Learn from Kenya by protecting free speech

A woman screams at police officers at the St Theresa Girls Secondary School polling station and counting centre, one day after Kenya's general elections in Nairobi on August 10, 2022. PHOTO/AFP
 

What you need to know:

The issue: Free speech

Our view: We urge the parliamentary committee on ICT to iron out the grey areas in the legislation that will ensure that lightning strikes twice.

Dr William Ruto’s victory speech after being declared the winner of Kenya’s presidential election on Monday was a polar opposite of what President Museveni mustered last January. The former struck a conciliatory note by “thank[ing] my worthy competitor” while declaring “in this election there are no losers.”

Mr Museveni had little time for such niceties that compel one to be magnanimous in victory. He could not have been clearer about what awaited any dissenting views after beating Mr Robert Kyagulanyi, aka Bobi Wine, to the presidency. Riots, Mr Museveni stressed, would be “dealt with decisively; not like the other time”.

In the wake of the recent presidential poll, it is important to be clear about what Kenya is not. Its teething problems should not invite observers to conclude that it bears comparisons with hybrid regimes like ours. That’s why it will be consequential what sort of relationship Ruto works up with the media. Kenya’s president-elect has shown himself to have the sensible strategic moves of a skilled politician, even declaring that the ethnocentric politics of Kenya has now given way to “issues”.

Ruto has also not shied away from declaring that the media gave him the short end of the stick during the electioneering period. In a region where increasingly censorious cultures have been allowed to flourish, it is important that Kenya’s fifth president champions free expression. Threats intended to intimidate, silence and terrorise the media are the calling card of not even hybrid regimes but rather their authoritarian cousin. Addressing himself to how the Kenyan media covered him while on the campaign trail, Ruto didn’t—thankfully—threaten any reprisal.
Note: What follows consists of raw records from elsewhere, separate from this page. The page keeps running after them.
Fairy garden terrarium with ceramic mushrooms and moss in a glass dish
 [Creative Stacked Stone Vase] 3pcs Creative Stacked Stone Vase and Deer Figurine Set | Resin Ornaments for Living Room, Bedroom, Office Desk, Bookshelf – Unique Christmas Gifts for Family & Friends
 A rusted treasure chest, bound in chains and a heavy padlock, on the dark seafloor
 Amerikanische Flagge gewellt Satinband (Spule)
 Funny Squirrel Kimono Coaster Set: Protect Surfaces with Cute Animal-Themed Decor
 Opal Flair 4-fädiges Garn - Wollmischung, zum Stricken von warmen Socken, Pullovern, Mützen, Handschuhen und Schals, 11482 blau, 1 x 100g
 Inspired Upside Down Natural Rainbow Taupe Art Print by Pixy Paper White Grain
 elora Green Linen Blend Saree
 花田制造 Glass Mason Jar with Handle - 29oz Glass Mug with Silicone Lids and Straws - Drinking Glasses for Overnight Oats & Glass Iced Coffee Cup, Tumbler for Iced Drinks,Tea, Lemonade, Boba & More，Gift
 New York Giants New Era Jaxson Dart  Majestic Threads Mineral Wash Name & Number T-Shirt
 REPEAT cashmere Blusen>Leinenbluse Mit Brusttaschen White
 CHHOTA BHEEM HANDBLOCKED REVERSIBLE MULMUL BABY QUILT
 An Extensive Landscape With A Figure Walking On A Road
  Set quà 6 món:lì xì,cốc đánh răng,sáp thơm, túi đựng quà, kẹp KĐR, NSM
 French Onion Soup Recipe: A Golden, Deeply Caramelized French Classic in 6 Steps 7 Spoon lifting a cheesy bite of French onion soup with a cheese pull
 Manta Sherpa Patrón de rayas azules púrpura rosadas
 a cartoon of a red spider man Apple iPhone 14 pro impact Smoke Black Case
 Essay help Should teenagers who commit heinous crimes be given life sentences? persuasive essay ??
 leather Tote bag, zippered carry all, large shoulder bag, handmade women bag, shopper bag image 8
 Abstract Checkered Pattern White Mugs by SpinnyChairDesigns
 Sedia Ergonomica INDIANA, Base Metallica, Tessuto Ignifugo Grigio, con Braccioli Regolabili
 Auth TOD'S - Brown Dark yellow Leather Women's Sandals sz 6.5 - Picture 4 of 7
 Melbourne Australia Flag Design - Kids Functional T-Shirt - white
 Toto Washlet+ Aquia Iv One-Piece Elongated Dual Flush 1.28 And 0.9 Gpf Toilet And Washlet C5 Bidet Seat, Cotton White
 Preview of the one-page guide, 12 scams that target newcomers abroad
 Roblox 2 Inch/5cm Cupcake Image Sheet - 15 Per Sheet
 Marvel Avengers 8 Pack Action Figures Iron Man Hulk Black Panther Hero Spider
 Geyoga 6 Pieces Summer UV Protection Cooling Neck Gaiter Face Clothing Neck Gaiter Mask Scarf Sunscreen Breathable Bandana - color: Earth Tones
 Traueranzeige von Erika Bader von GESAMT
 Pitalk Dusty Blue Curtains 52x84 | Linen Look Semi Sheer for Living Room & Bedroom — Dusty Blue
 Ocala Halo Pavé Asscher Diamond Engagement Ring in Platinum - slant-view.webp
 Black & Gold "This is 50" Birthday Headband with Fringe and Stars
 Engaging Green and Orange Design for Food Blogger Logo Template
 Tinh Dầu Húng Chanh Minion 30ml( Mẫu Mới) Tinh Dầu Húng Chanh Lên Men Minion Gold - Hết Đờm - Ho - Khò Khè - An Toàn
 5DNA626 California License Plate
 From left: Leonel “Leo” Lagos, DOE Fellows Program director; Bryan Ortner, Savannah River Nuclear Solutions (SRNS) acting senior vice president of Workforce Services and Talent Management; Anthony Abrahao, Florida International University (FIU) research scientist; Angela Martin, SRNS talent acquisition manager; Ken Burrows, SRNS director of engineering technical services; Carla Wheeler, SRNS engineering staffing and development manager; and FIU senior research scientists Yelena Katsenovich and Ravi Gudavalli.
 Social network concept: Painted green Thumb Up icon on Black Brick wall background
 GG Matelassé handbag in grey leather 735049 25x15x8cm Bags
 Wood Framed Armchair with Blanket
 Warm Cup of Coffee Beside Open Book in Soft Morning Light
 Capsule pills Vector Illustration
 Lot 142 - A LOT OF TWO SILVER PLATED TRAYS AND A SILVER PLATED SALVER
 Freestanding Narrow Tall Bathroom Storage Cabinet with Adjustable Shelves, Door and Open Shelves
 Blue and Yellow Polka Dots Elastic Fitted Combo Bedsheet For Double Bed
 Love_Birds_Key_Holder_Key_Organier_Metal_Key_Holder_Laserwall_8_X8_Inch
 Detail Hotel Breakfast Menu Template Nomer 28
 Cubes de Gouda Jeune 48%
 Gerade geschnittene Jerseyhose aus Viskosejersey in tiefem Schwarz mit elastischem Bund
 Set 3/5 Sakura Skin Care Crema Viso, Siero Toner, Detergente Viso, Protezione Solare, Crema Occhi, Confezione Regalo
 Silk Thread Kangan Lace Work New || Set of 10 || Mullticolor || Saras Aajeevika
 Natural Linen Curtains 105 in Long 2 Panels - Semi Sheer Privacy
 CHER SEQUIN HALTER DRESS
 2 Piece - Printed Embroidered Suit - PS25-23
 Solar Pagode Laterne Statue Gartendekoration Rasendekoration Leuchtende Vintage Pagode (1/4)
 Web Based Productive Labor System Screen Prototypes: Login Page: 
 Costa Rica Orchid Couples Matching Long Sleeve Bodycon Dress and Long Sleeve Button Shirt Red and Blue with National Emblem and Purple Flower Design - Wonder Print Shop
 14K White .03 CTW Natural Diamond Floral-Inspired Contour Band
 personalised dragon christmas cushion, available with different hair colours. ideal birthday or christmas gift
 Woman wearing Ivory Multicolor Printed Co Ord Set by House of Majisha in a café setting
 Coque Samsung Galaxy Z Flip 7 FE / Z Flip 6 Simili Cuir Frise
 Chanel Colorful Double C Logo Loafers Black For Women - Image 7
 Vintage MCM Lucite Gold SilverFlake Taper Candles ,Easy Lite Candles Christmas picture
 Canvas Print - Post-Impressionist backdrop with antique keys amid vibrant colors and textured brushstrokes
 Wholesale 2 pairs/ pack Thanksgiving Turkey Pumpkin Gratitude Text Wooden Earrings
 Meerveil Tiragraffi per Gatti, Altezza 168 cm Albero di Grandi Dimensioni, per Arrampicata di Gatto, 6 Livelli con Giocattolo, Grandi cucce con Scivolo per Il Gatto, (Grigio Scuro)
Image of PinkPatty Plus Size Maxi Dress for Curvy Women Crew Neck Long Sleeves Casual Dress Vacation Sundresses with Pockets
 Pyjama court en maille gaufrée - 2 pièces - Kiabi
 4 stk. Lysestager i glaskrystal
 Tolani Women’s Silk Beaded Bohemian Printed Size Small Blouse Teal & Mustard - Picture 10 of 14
He rather asked that the fourth estate be “free and fair.” 

The 55-year-old further revealed that he is not averse to criticism as long as a fair shake is afforded. This declaration should make every Kenyan either side of the political divide sanguine no least because free speech is fundamental to human development. A defence against erosion of free speech across the border should also have a catalytic impact in Uganda. With the draft Information and Communications Bill, 2022 set to be pondered sooner rather than later, it is our fervent hope that the process is not treated as a zero-sum game.

The top brass from the ICT and National Guidance ministry yesterday met the parliamentary committee on ICT and appraised it about a Bill that among others sets out to create a single regulator for the information and communications sector. The draft principles of the Bill are, the committee was told, before the cabinet.

If it gets the green light, the Bill will merge the regulatory functions of the Uganda Communications Commission, the Media Council and the National Information Technology Authority, Uganda. The ICT and National Guidance ministry reasons that the creation of a single regulator will mirror the outlook in Kenya.

We applaud the move to embrace this best practice, but hasten to add that it should be a cosmetic exercise. Kenya has come through an election in which neither Internet connectivity was restricted nor social media platforms blocked. In Uganda, draconian laws like the National Information Technology Authority, Uganda Act, 2009 and the Uganda Communications Act, 2013 have been used to curtail the online information ecosystem during elections. We urge the parliamentary committee on ICT to iron out the grey areas in the legislation that will ensure that lightning strikes twice.